- [What you are asked to do]:
Scan the entries below for the word "will". Copy each line that has it.

- [Material to process]:
○ ○ ○

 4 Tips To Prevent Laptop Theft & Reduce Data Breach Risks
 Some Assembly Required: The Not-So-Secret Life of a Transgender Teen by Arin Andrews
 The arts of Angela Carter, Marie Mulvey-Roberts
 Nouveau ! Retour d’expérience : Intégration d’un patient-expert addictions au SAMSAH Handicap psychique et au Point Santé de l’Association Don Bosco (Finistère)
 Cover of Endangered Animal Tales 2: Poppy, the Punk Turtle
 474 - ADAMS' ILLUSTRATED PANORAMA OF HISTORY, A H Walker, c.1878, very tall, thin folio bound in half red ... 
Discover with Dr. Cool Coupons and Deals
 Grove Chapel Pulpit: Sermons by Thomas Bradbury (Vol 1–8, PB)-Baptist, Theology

○ ○ ○

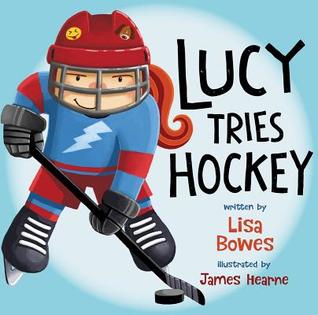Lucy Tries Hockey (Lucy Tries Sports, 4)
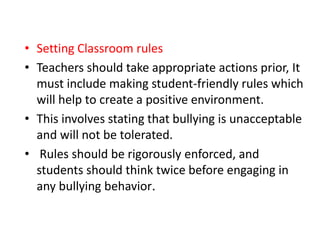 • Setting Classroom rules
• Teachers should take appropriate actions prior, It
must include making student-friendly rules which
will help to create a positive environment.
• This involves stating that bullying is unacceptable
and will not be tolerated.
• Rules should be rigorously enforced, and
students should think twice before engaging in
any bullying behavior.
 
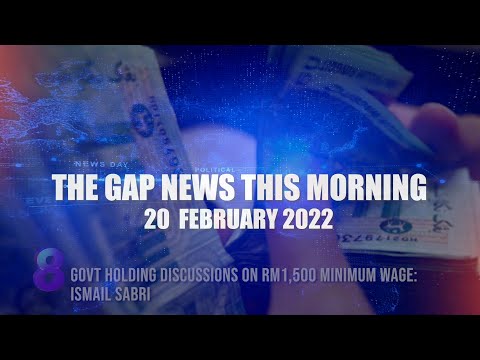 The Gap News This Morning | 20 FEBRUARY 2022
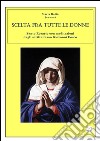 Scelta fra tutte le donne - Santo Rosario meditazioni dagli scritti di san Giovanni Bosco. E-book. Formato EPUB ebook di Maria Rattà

○ ○ ○

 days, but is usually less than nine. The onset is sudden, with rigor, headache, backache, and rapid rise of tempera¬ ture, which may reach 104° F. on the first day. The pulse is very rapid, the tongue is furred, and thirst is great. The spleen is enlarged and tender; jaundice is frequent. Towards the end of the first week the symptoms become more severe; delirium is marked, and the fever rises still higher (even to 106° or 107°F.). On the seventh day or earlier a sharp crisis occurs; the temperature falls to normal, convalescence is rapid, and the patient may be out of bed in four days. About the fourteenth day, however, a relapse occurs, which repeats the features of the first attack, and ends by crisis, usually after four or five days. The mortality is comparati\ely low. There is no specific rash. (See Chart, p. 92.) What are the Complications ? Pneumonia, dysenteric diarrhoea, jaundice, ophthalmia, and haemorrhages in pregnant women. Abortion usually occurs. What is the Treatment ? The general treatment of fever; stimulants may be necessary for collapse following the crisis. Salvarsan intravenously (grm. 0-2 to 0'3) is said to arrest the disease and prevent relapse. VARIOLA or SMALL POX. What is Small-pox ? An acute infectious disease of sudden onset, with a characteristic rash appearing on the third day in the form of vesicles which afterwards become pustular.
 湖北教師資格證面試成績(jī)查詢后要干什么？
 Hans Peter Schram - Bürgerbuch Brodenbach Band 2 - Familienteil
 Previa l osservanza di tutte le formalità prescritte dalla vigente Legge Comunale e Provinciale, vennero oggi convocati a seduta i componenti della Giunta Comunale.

○ ○ ○

- [Task response]:
will help to create a positive environment.
and will not be tolerated.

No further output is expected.